RESPOSTA À QUARTA. – O estado religioso foi principalmente instituído para se alcançar a perfeição, por meio de certos exercícios, que eliminam os impedimentos à caridade perfeita. Ora, eliminados os impedimentos à perfeita caridade, cortam–se muito mais pela raiz as ocasiões do pecado, que totalmente nos privam delas. Por onde e consequentemente como o fim da penitência é eliminar as causas do pecado, o estado religioso é um estado mui apropriado à penitência. Por isso, a um certo, que matara a mulher, o direito lhe aconselha entrar, antes, para um mosteiro, considerado como um meio melhor e mais leve de fazer penitência do que fazê–la publicamente, permanecendo no século.
O oitavo discute–se assim. – Parece que os religiosos promovidos a bispos não ficam obrigados à observância das regras.
1. – Pois, diz um cânone, que a eleição canônica absolve o monge do jugo imposto pela profissão da regra monástica e a sagrada ordenação faz, do monge, bispo. Ora, observar as regras constitui o jugo da regra. Logo, os religiosos eleitos para bispos não estão obrigados a observar as regras.
2. Demais. – O que sobe do grau inferior para o superior parece que não está adstrito às obrigações do grau inferior, como dissemos a respeito do religioso, desobrigado dos votos que fez no século. Ora, o religioso eleito para o episcopado sobe a um grau mais elevado, como dissemos. Logo, parece não estar o bispo obrigado às observâncias a que estava adstrito no estado de religião.
3. Demais. – Sobretudo os religiosos estão obrigados à obediência e a viver sem propriedade particular. Ora, os religiosos escolhidos para o episcopado não estão obrigados a obedecer aos prelados das suas religiões, que são os seus superiores. Nem estão adstritos à pobreza, pois, como ordena o decreto supra efeito, aquele a quem a ordenação fez, de monge, bispo, tem, como herdeiro legítimo, o poder de juridicamente vindicar para si a herança paterna. E às vezes também lhe é dado o poder de fazer testamento. Logo, com maior razão, deixam de estar sujeitos às outras observâncias regulares.

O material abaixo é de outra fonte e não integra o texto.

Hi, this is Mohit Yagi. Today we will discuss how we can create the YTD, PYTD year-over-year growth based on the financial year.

Mas, em contrário, um cânone determina: Os monges que viveram durante muito tempo nos mosteiros se depois receberam as ordens do clericato, determinamos que não deve abandonar o estado de vida anterior.

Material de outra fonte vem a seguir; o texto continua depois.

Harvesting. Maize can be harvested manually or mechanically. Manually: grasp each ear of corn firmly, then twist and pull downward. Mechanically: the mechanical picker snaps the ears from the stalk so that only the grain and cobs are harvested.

SOLUÇÃO. – Como dissemos, o estado de religião implica a perfeição como via, para chegar a ela; ao passo que o estado episcopal implica a perfeição por ser um como magistério dela. Por onde, o estado de religião está para o estado episcopal como a disciplina, para o magistério e a disposição, para a perfeição. Ora, a disposição não é incompatível com a perfeição, salvo por onde lhe repugnar a esta; mas, pela conformidade que tem com ela, antes a confirma. Assim como o discípulo, uma vez chegado ao magistério, já não lhe cabe ser ouvinte; mas, cabelhe ler e meditar, ainda mais que antes.

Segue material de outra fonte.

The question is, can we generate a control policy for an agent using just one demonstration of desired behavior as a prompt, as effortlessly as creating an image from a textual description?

Donde devemos concluir, que as observâncias regulares não impeditivas do ofício pontifical, e que, pelo contrário, ajudam a alcançar a perfeição, como a continência, a pobreza e outras semelhantes, a que está obrigado o religioso, a essas também o está depois de leito bispo. E por consequência está adstrito o trazer o hábito da sua religião, que é o sinal dessa obrigação. Porém as observâncias regulares repugnantes ao oficio pontifical, como a solidão, o silêncio e certas abstinências ou vigílias graves, que tornariam o corpo incapaz de exercer o ofício pontifical, a essas não está ele obrigado. E dessas observâncias pode obter dispensa, conforme o exigir a necessidade da pessoa ou do ofício e a condição das pessoas com quem vive do modo pelo qual também os prelados das religiões se dispensam em tais casos.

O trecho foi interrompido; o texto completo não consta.